Machine learning (ML) methods have successfully been applied to various fields such as speech recognition, visual object recognition, and object detection [1,2]. In recent years, ML research has been extended to applications in more complicated but ordinary scenarios, such as situations involving datasets belonging to different domains. The predicament in these scenarios is that the ML model trained on a dataset in one domain does not often work for tasks in a different domain of interest. One resource-consuming strategy used to solve the above issue is transfer learning (TL) [3,4,5,6,7,8], which estimates the usefulness of the knowledge learned in a source domain and transfers it to help the learning task in a target domain. However, conventional TL usually lacks efficiency when the distribution of the target domain data is completely different from the source domain. Recently, an adversarial transfer learning (ATL) method has been proposed to solve the issue.
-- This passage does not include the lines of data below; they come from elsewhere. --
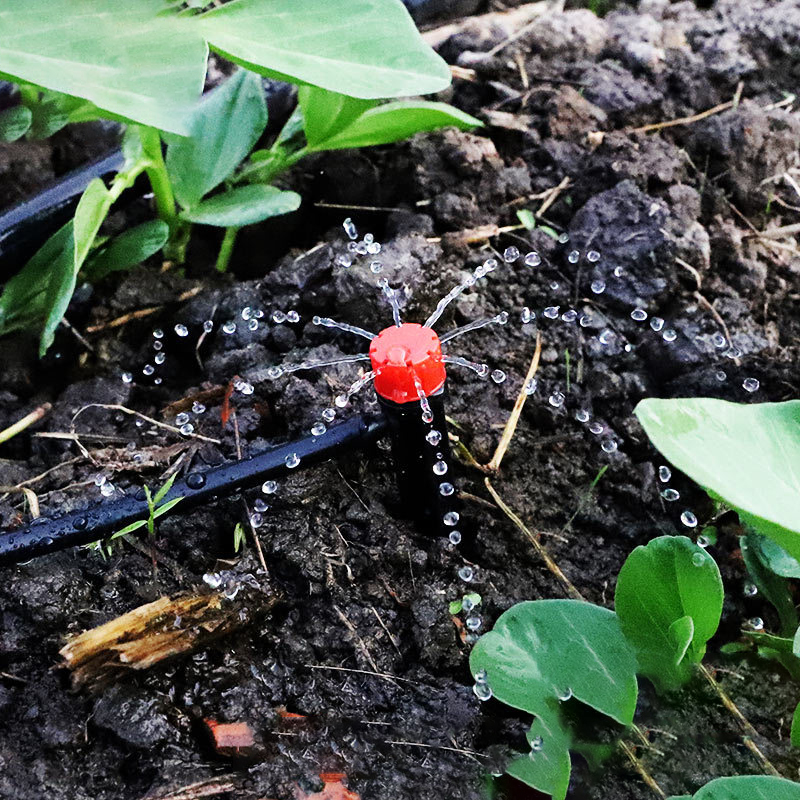 10pcs irrigatori a punta da gi - Root Watering Spike recensione e prezzo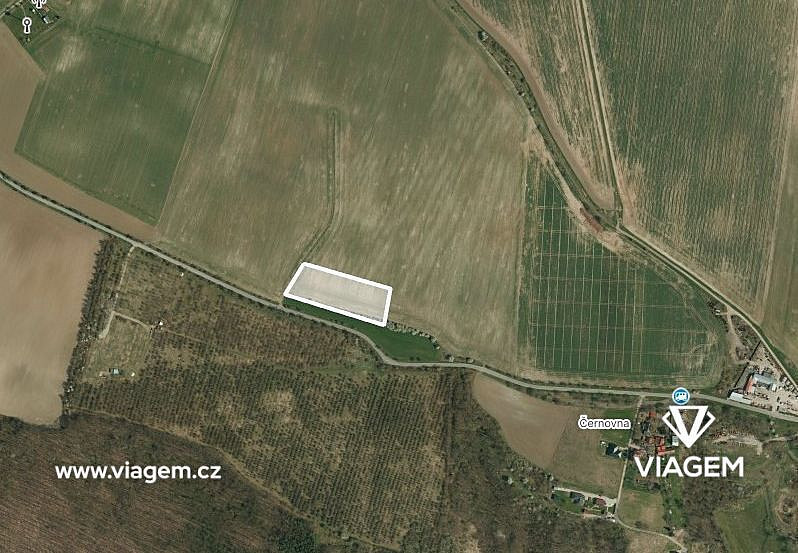 Prodej pole 6 082 m²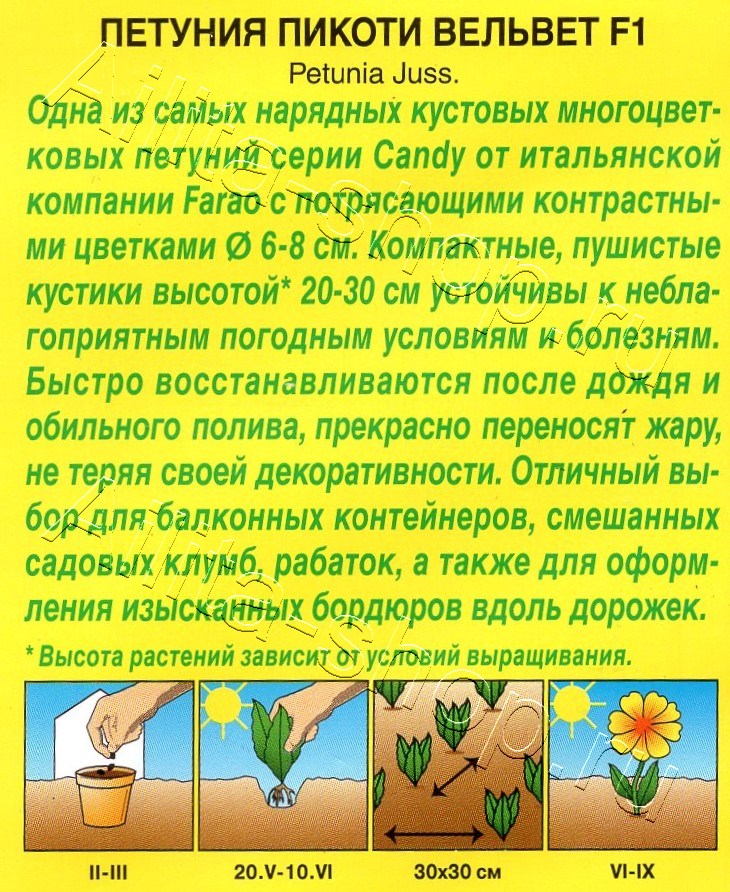 Петуния Пикоти Вельвет F1 многоцветковая 7шт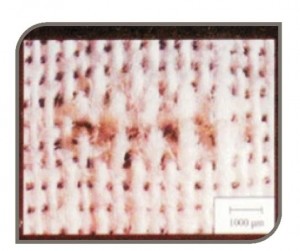 PRETREATMENT-AUXILIARIES_17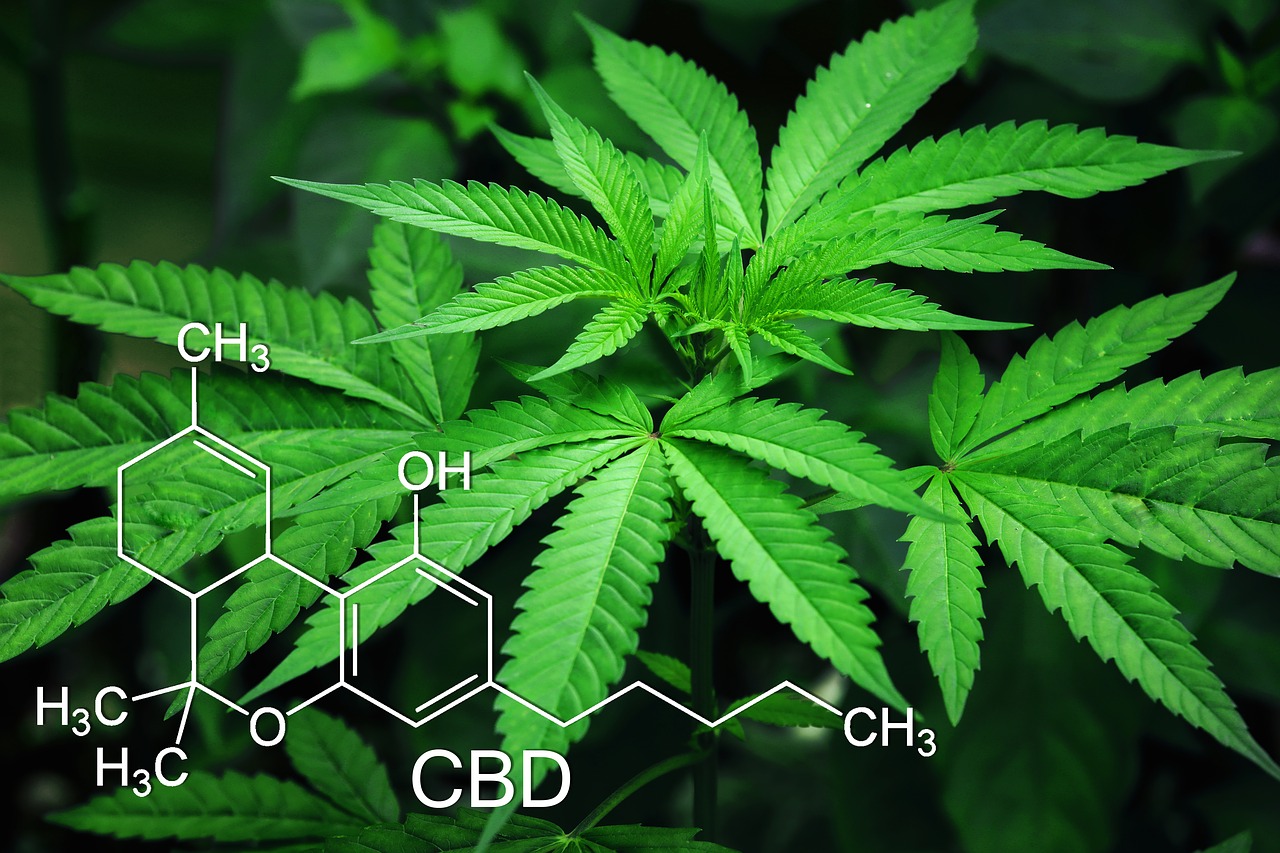the best ways to smoke cannabis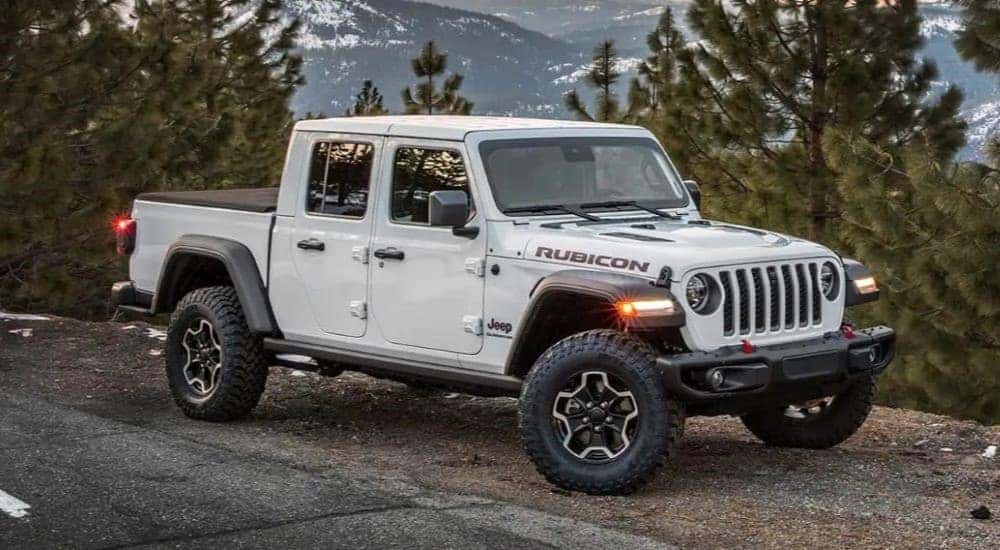 Rubicon Gladiator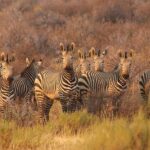 Thrills and Tension: The Unforgettable Drama of the South African Safari Rally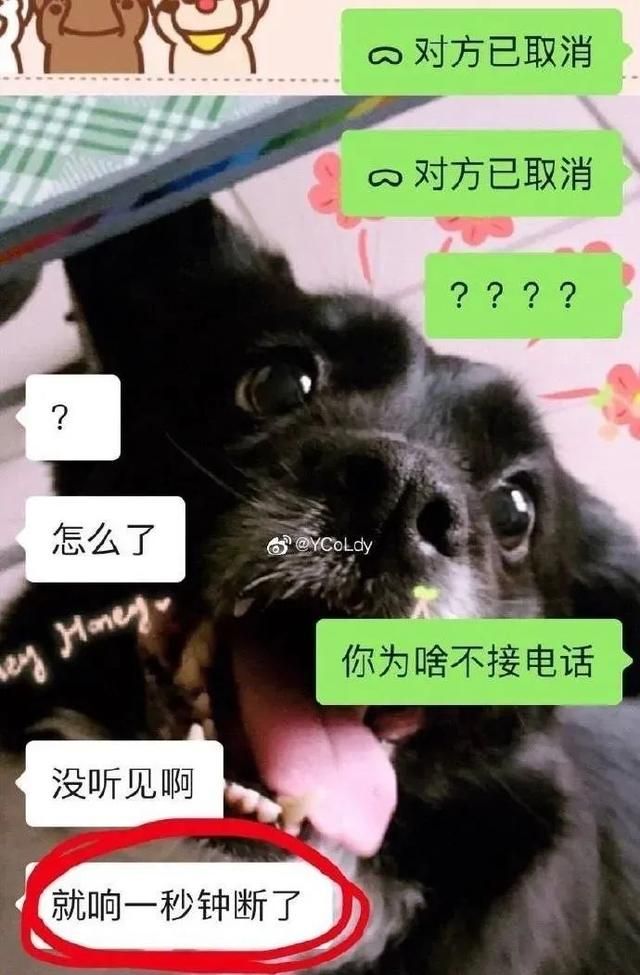微信对方忙线中(给对象打语音对方忙线中) 给对象打语音“对方忙线中,怎么不接电话?”他们会有什么反应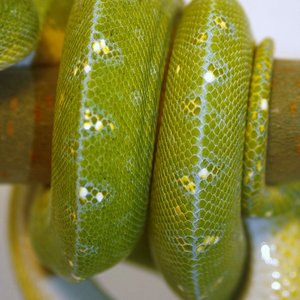 macho senggi f2 [1600x1200].JPG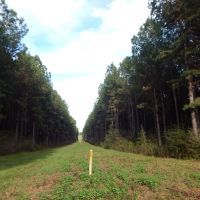 207 acre -Hunting &nbsp; Investment images 4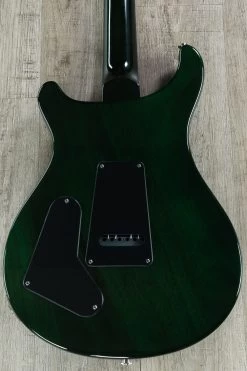PRS Paul Reed Smith S2 Custom 22 Guitar, Moss Green, Rosewood Fingerboard, Gig Bag -Musical Instrument Shop dsc00560 2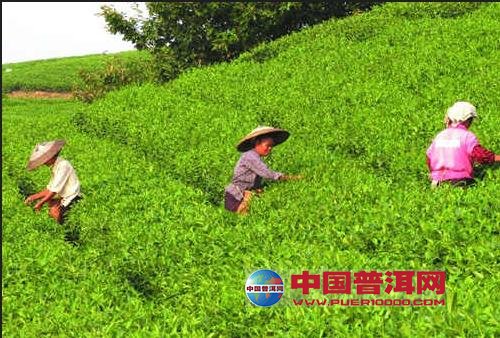 普洱茶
Such an ML scheme has the potential for a broad range of applications; it has been proven to be beneficial in areas such as natural language processing, autonomous cars, robotics, and image understanding [9,10,11,12,13,14,15,16,17,18,19].

The basic idea of the ATL method is to introduce generative models to bridge the gap between the datasets of different domains. This method is a new version of ML and cannot be provided by simply combining methods such as generative adversarial networks (GANs) [20,21,22] and TL. As schematically shown in Figure 1a, ATL controls the samples of a given source domain dataset and a target domain dataset, denoted as $X^{R_s}$ and $X^{R_t}$, respectively. A generator $G$ is employed to produce a fake sample $X^G$ using $X^{R_s}$ and a noise vector $\overrightarrow{z}$. $X^G$ and $X^{R_t}$ are then sent to a discriminator $D$ to judge the probabilistic likelihood. The general purpose of training $G$ and $D$ is an adversarial game. Generator $G$ is required to generate $X^G$ as close as possible to the target data sample $X^{R_t}$, cheating the discriminator $D$. Discriminator $D$ attempts to accurately distinguish $X^G$ from $X^{R_t}$ and avoid being cheated. The game finally reaches the Nash equilibrium [23] after the parameters of the model are optimized. In cases of classification, a classifier $T$ is correctly applied to label $X^G$ according to the label of $X^{R_s}$. In certain cases, the source domain dataset is also employed as the input of T, which increases the efficiency of the training. The key ingredient in such a scheme is the cost function of the model, which finally converges to an equilibrium point.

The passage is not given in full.